Look forward to seeing the new articles when they're up and running as am currently helping my parents do a "money makeover" and wonder if an airmiles card might be better for them.
I use the MBNA Rewards card. I don't like these cashback ones that only offer it for a certain amount of time, although the Citibank one, in conjunction with Shell could save me a fortune in fuel expenses.
My suggestion and/or advice is my own and it is up to you if you follow it, please check the advice given before acting on it.
This is not something I thought I would ever say about BA, but I too have had a brilliant trip using BAmiles accrued with Amex use. From an oridinary Blue British Airways American Express Card I spent £20k plus in one year when my daughter was getting married. This enitltled me to a companion ticket free. We had enough BAMiles saved to travel club to California. What a difference. The real price of the trip would have been over £2.5 thousand. I use amex for everything (All the big supermarkets take it) - and pay it off every month. I will not give them any interest.

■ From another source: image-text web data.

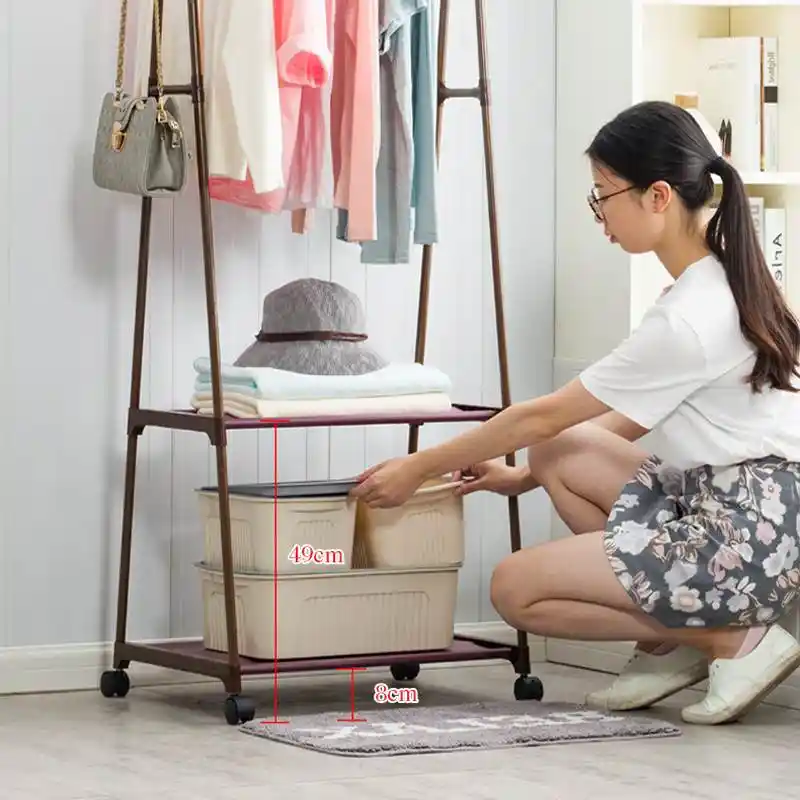 Напольная вешалка для одежды, подвесная полка для хранения вещей вешалки для одежды с колесом, простая стильная мебель для спальни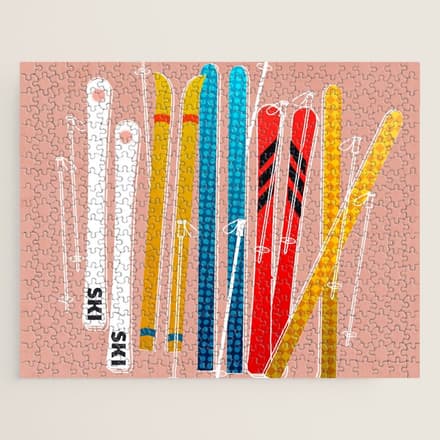 Colorful Ski Illustration And Pattern No 2 Jigsaw Puzzle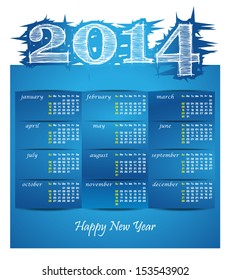 2014 year vector calendar for business wall calendar
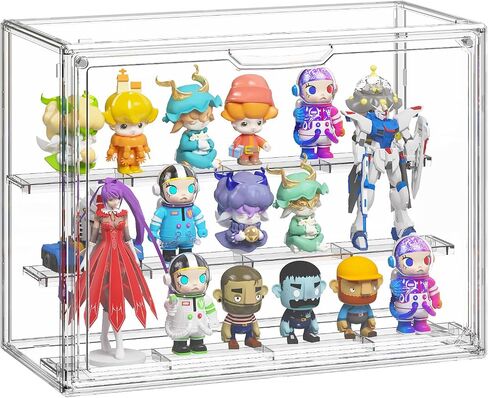 Clear Acrylic Display Case for Collectibles, 3 Tier Adjustable Figure Display Case with Magnetic Door, Stackable Acrylic Storage Box Cabinet Organizer for Display(Large Size) in Saudi Arabia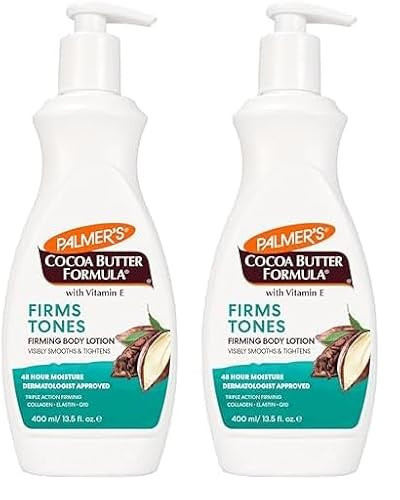 Palmer's Cocoa Butter Formula Skin Firming Body Lotion, Toning & Tightening Cream with Q10, Collagen & Elastin, Pump Bottle, 13.5 Oz. (Pack of 2) | Amazon (US)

I am now on the lookout for a card that gives me other freebies, travel insurance, breakdown cover etc. If anyone knows of one?????
I used to hate Tesco but, for the moment, I quite like them!
I'd been accumulating Clubcard points mainly because I refused to let Tesco get the benefit of them! With just over £400 available I was thinking of using them on a holiday with a Clubcard deals partner - trouble is the sort of holidays I fancied involved long-haul flights in 'steerage' and at 6'4" that's not a pleasant prospect! A friend told me tesco had now partnered up with BA Miles and this coincided with BA's 50% mileage promotion for business class.
So - on a Friday afternoon, having been told by both BA and Tesco that the conversion from Clubcard Points to BA Miles should be pretty much instant, I submitted all my voucher codes online at Tesco's web site. On Saturday morning I was told that nothing would happen until the Monday because the high value meant the transfer had to be manually approved. On Monday tesco told me the transfer had taken place but BA kept insisting it could take up to 28 days to appear on their system! This would, of course, have ruled out benefitting from the time-limited 50% BA deal!! However, the BA miles appeared the following morning (which is what I figured would happen based on my knowledge of IT and the way these things should work) and I then set about booking myself a roundtrip business class flight to Sydney for 100,000 miles.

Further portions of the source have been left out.